╔══
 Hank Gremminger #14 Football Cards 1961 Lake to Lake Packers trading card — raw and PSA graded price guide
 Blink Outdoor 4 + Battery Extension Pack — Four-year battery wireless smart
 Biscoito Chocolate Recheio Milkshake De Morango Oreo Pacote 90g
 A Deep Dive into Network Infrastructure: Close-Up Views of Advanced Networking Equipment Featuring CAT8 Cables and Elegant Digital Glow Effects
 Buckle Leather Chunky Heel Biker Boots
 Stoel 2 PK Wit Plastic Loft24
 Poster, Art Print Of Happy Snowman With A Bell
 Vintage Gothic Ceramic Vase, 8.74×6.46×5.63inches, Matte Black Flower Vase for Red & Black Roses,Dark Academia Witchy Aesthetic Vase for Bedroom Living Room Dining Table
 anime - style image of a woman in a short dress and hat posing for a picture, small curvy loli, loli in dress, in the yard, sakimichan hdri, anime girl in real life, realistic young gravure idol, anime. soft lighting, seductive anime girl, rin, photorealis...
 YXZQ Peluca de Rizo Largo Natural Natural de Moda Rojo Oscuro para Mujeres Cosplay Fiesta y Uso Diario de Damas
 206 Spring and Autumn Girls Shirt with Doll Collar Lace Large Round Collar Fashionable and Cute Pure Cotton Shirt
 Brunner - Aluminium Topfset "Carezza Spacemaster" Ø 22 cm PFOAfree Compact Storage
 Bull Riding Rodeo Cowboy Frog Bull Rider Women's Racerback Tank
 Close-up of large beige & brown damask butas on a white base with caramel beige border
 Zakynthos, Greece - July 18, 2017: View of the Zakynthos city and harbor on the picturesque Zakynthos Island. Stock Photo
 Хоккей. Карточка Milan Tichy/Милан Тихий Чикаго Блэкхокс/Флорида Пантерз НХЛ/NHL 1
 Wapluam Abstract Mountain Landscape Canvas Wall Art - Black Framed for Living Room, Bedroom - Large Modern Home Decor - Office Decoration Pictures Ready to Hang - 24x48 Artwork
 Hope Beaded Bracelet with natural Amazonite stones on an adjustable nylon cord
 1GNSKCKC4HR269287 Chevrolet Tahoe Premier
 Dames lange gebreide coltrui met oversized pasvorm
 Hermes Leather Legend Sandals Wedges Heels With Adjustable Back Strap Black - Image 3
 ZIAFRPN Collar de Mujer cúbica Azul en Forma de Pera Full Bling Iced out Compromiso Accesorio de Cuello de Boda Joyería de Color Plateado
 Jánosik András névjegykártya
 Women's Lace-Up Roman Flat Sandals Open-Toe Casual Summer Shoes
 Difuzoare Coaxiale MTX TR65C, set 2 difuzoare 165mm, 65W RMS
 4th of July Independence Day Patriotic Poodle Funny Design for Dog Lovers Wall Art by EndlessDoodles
╚══
For this exercise, retype each entry from above exactly as it stands.

 Hank Gremminger #14 Football Cards 1961 Lake to Lake Packers trading card — raw and PSA graded price guide
 Blink Outdoor 4 + Battery Extension Pack — Four-year battery wireless smart
 Biscoito Chocolate Recheio Milkshake De Morango Oreo Pacote 90g
 A Deep Dive into Network Infrastructure: Close-Up Views of Advanced Networking Equipment Featuring CAT8 Cables and Elegant Digital Glow Effects
 Buckle Leather Chunky Heel Biker Boots
 Stoel 2 PK Wit Plastic Loft24
 Poster, Art Print Of Happy Snowman With A Bell
 Vintage Gothic Ceramic Vase, 8.74×6.46×5.63inches, Matte Black Flower Vase for Red & Black Roses,Dark Academia Witchy Aesthetic Vase for Bedroom Living Room Dining Table
 anime - style image of a woman in a short dress and hat posing for a picture, small curvy loli, loli in dress, in the yard, sakimichan hdri, anime girl in real life, realistic young gravure idol, anime. soft lighting, seductive anime girl, rin, photorealis...
 YXZQ Peluca de Rizo Largo Natural Natural de Moda Rojo Oscuro para Mujeres Cosplay Fiesta y Uso Diario de Damas
 206 Spring and Autumn Girls Shirt with Doll Collar Lace Large Round Collar Fashionable and Cute Pure Cotton Shirt
 Brunner - Aluminium Topfset "Carezza Spacemaster" Ø 22 cm PFOAfree Compact Storage
 Bull Riding Rodeo Cowboy Frog Bull Rider Women's Racerback Tank
 Close-up of large beige & brown damask butas on a white base with caramel beige border
 Zakynthos, Greece - July 18, 2017: View of the Zakynthos city and harbor on the picturesque Zakynthos Island. Stock Photo
 Хоккей. Карточка Milan Tichy/Милан Тихий Чикаго Блэкхокс/Флорида Пантерз НХЛ/NHL 1
 Wapluam Abstract Mountain Landscape Canvas Wall Art - Black Framed for Living Room, Bedroom - Large Modern Home Decor - Office Decoration Pictures Ready to Hang - 24x48 Artwork
 Hope Beaded Bracelet with natural Amazonite stones on an adjustable nylon cord
 1GNSKCKC4HR269287 Chevrolet Tahoe Premier
 Dames lange gebreide coltrui met oversized pasvorm
 Hermes Leather Legend Sandals Wedges Heels With Adjustable Back Strap Black - Image 3
 ZIAFRPN Collar de Mujer cúbica Azul en Forma de Pera Full Bling Iced out Compromiso Accesorio de Cuello de Boda Joyería de Color Plateado
 Jánosik András névjegykártya
 Women's Lace-Up Roman Flat Sandals Open-Toe Casual Summer Shoes
 Difuzoare Coaxiale MTX TR65C, set 2 difuzoare 165mm, 65W RMS
 4th of July Independence Day Patriotic Poodle Funny Design for Dog Lovers Wall Art by EndlessDoodles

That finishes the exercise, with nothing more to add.